- _INFORMATION GIVEN_
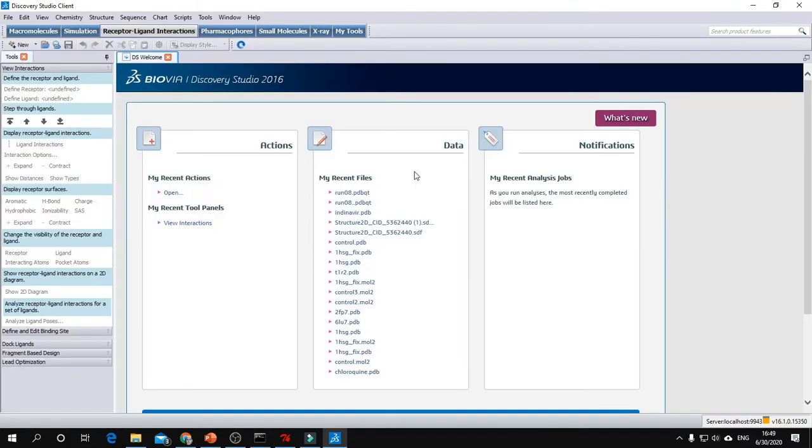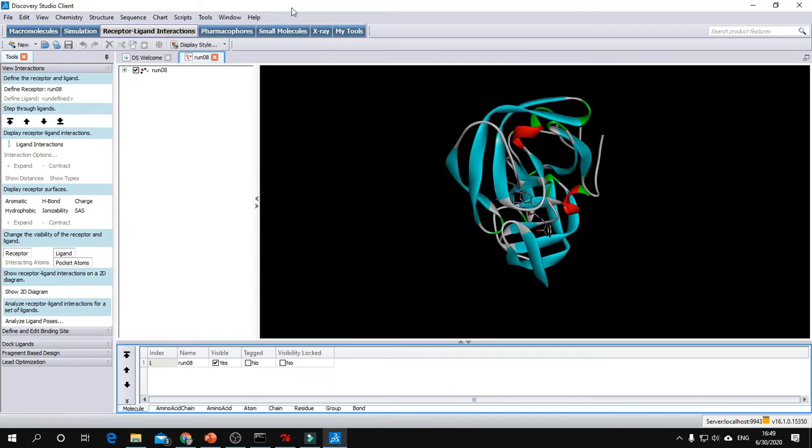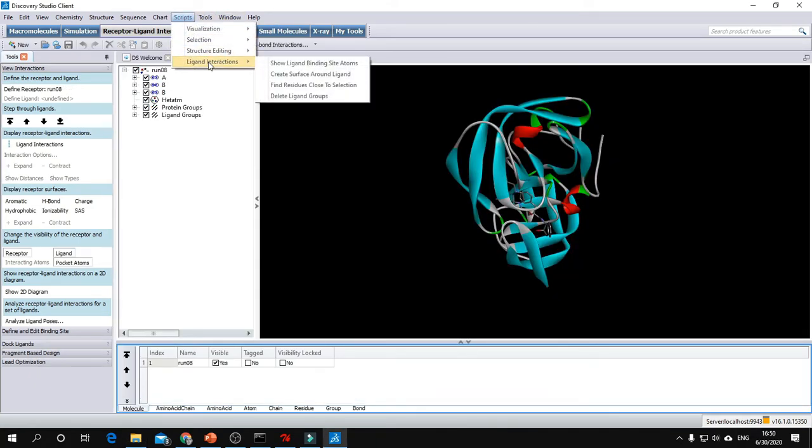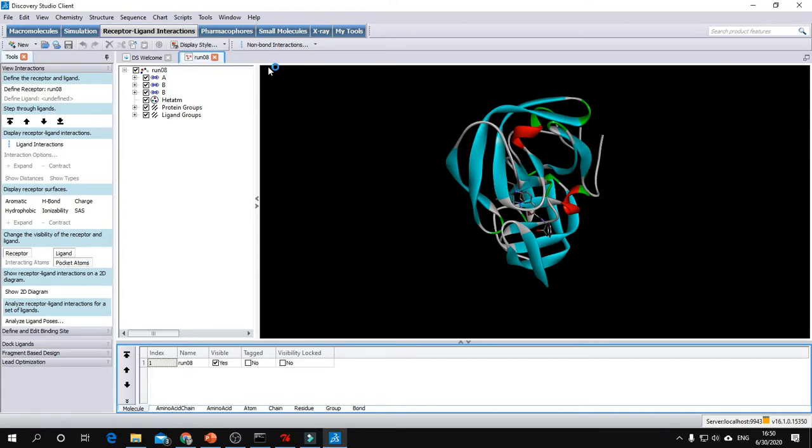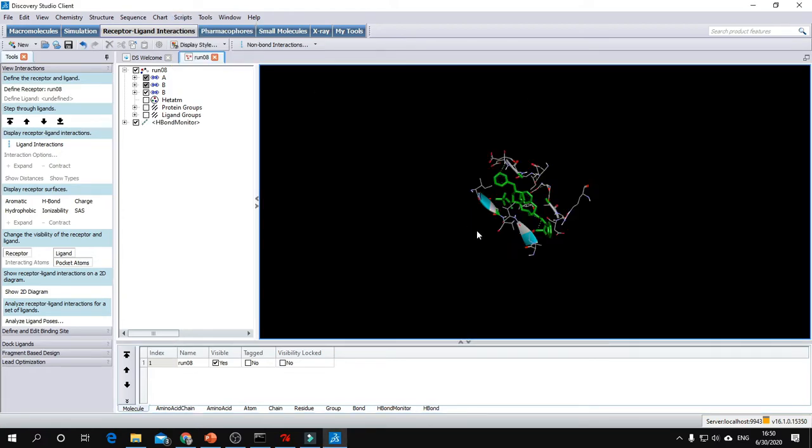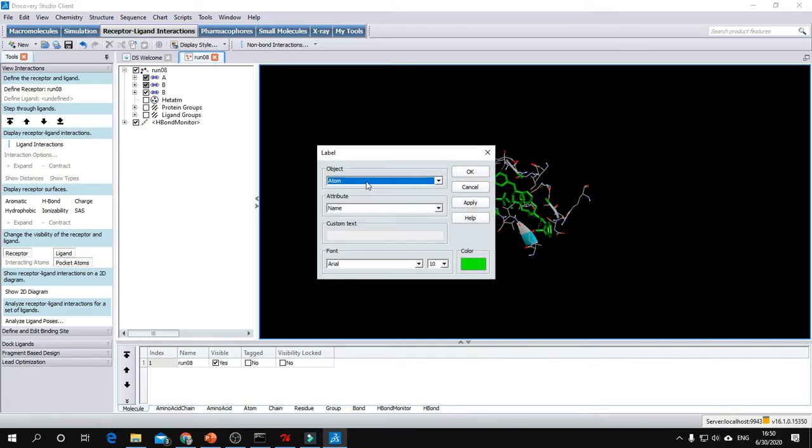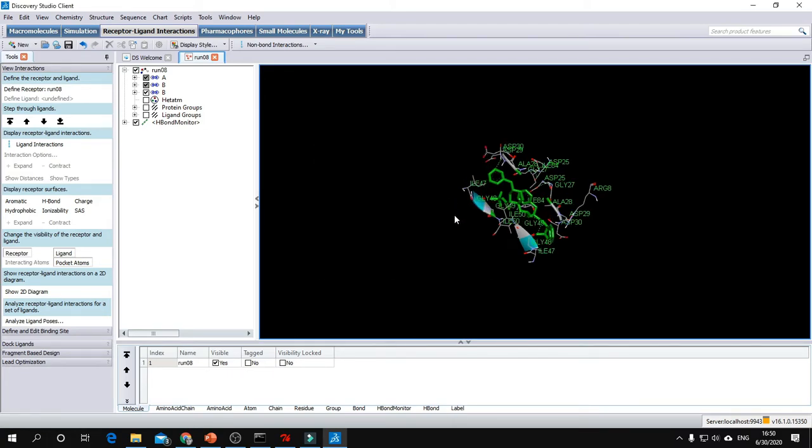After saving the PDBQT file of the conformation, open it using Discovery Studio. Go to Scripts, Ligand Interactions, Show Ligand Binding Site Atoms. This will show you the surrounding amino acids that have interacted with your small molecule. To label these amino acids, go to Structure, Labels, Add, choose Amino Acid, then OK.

--

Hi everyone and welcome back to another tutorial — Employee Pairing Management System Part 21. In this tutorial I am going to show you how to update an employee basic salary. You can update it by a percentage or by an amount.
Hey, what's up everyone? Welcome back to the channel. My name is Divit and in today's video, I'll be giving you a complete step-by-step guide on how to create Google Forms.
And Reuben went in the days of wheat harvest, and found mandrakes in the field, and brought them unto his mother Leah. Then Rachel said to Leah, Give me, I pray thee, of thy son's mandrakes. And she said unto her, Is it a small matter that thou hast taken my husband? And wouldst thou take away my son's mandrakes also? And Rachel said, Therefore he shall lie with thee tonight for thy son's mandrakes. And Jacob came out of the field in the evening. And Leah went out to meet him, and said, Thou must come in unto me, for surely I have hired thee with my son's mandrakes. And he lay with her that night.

- _AIM OF THE TASK_
Whatever else the listing above holds, retype exactly only the lines from the one containing "Hi everyone and" to the one containing "Hey, what's up", both ends kept.

- _TASK SOLUTION_
Hi everyone and welcome back to another tutorial — Employee Pairing Management System Part 21. In this tutorial I am going to show you how to update an employee basic salary. You can update it by a percentage or by an amount.
Hey, what's up everyone? Welcome back to the channel. My name is Divit and in today's video, I'll be giving you a complete step-by-step guide on how to create Google Forms.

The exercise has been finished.